> [What you will do]
Only the lines from the one containing "Retro Flower GAMAGUCHI Clasp Hand Bag" through the last line of the material should be copied, exactly as written and without pictures.
Start of Data to examine
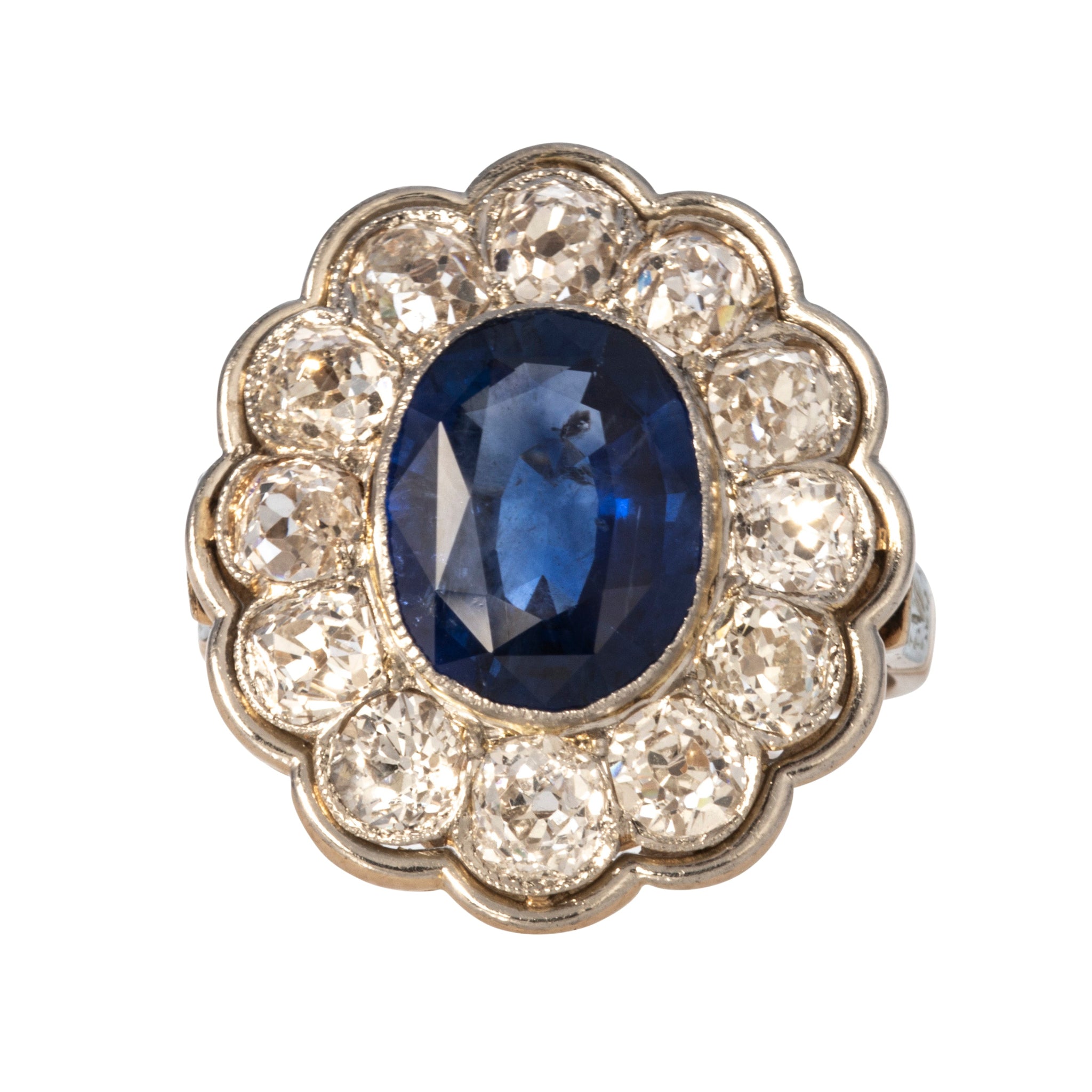 Estate Oval Sapphire & Diamond Cluster 14K Gold Ring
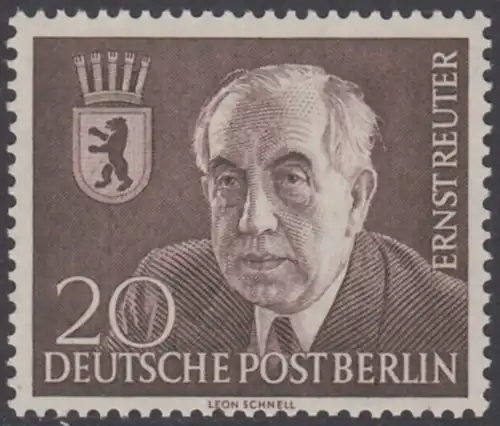 BERLIN 1954 Michel-Nummer 115 postfrisch EINZELMARKE - Prof. Dr. Ernst Reuter
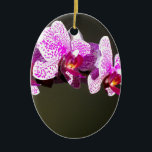 Adorno De Cerámica Elegantes orquídeas rosa floral tropical rosa<br><div class="desc">Elegante orquídea rosa romántica foto de H Cooper</div>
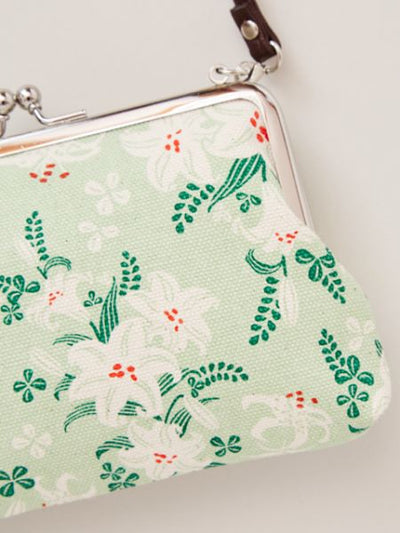 Retro Flower GAMAGUCHI Clasp Hand Bag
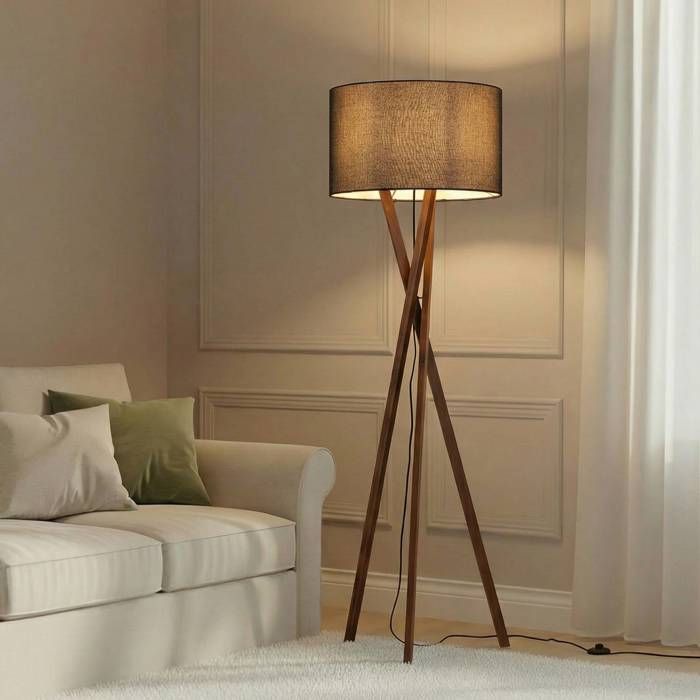 Lucande Lampadaire Tissu Auriane (Scandinave) en Marron Textile e. a. pour Salon & Salle à manger (1 lampe à E27) Sur Pied Lampe a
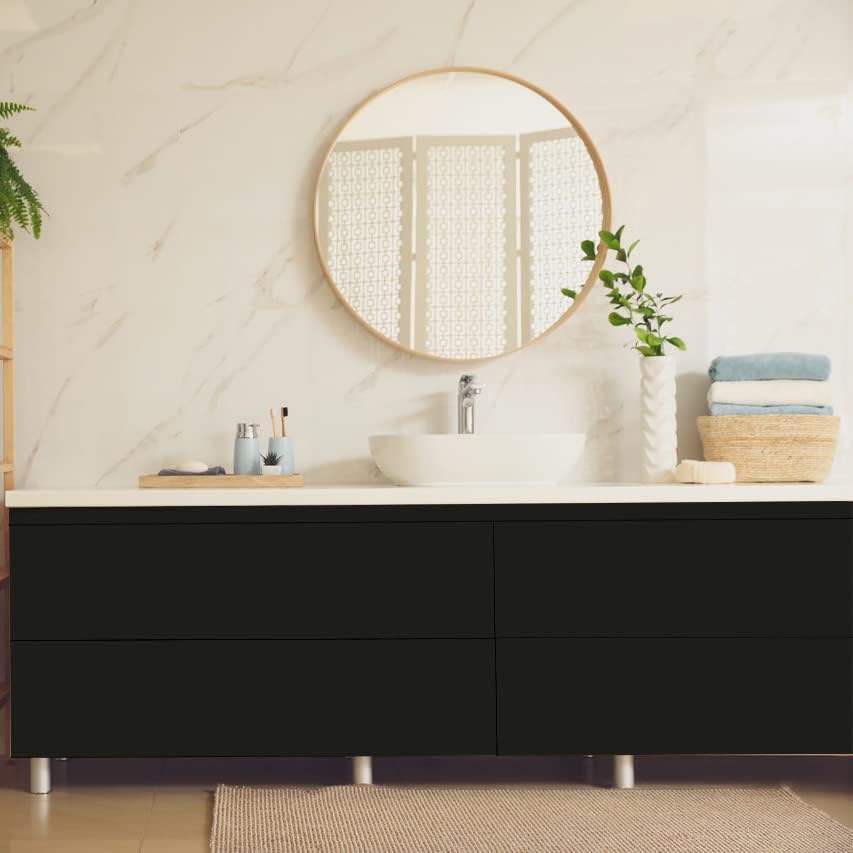 Yancorp 120" Matte Black Contact Paper Peel and Stick Wallpaper Removable Contact Paper for Cabinest Self-Adhesive Drawer Stick and Peel Countertop (16"x120", Black) - Image 2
End of Data to examine
> [Reply]
 Retro Flower GAMAGUCHI Clasp Hand Bag
 Lucande Lampadaire Tissu Auriane (Scandinave) en Marron Textile e. a. pour Salon & Salle à manger (1 lampe à E27) Sur Pied Lampe a
 Yancorp 120" Matte Black Contact Paper Peel and Stick Wallpaper Removable Contact Paper for Cabinest Self-Adhesive Drawer Stick and Peel Countertop (16"x120", Black) - Image 2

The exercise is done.